Dáil debates

Tuesday, 8 March 2022

Ceisteanna ó Cheannairí - Leaders' Questions

 

2:25 pm

Photo of Richard Boyd BarrettRichard Boyd Barrett (Dún Laoghaire, People Before Profit Alliance) | Oireachtas source

The world is rightly horrified at the unfolding disaster that is being unleashed on the people of Ukraine with Putin's bloody, inexcusable and murderous invasion of that country. Ireland's voice needs to be absolutely clear in condemning utterly that murderous invasion. We need, as I think it is clear the people of this country want, to extend every form of humanitarian assistance and support to those suffering under the bombs, bullets and shells of the Russian military, and to those who are fleeing their homes to escape this bloody conflict. We must provide refuge and be as generous as we possibly can in providing refuge for those fleeing from the Ukrainian crisis.

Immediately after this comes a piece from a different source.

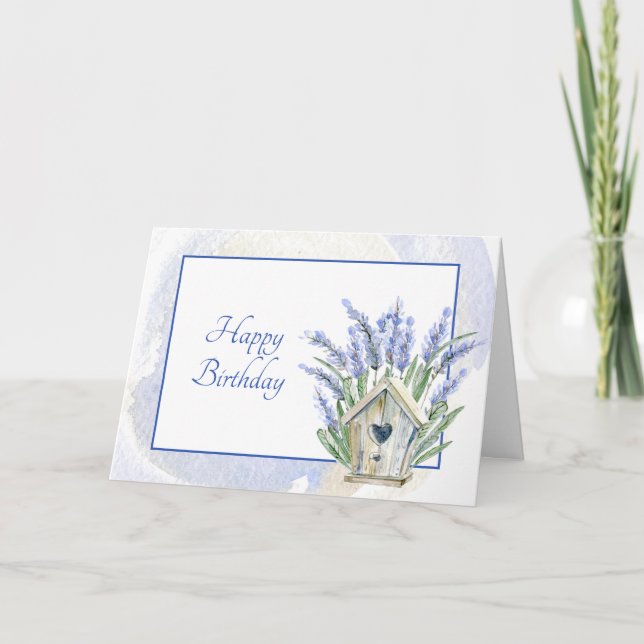 Rustikal Blue Lavender Birdhouse Floral Geburtstag Karte (Vorderseite)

I must say, however, that it is extremely worrying to me that it seems that there is a clamour of media commentators and, more seriously, the Taoiseach and leading Ministers, who seem to be trying to exploit this Ukrainian tragedy and crisis to argue that we need to move Ireland away from its traditional position of military neutrality and closer to NATO and the project of European militarisation. We heard it from the Tánaiste last week and we have heard it from the Taoiseach. The latest example of this came from the Minister for Foreign Affairs, Simon Coveney, who was speaking in New York to the US Council on Foreign Relations, a body packed with hundreds of senior government officials, arguing that we need to consider greater co-operation with NATO and increased arms expenditure.

I find it absolutely extraordinary that in the face of the dire consequences of warmongering and militarism on the part of Putin, there is a thought that somehow more militarism, more arms expenditure and allying more closely with a military alliance that has also conducted and supported murderous wars elsewhere in the world is somehow a legitimate response. If we are opposed to Putin's brutal and unjustifiable invasion of Ukraine, and we must be, we should not respond to that by joining an alliance dominated by powers that, for example, are supporting the Saudi dictatorship, which is conducting an equally murderous war in Yemen that has killed more than 300,000 people over the past four years and has now, according to the UN, brought 14 million people to the brink of starvation, or by continuing to ignore what Amnesty International is calling the crimes against humanity that Israel commits against Palestinians, supported and armed by the United States and the western powers.

In the face of this tragedy, is it not time to recommit to Ireland's position of military neutrality, which does not mean ignoring this crisis, but being a voice for sanity against the madness of warmongering and militarism?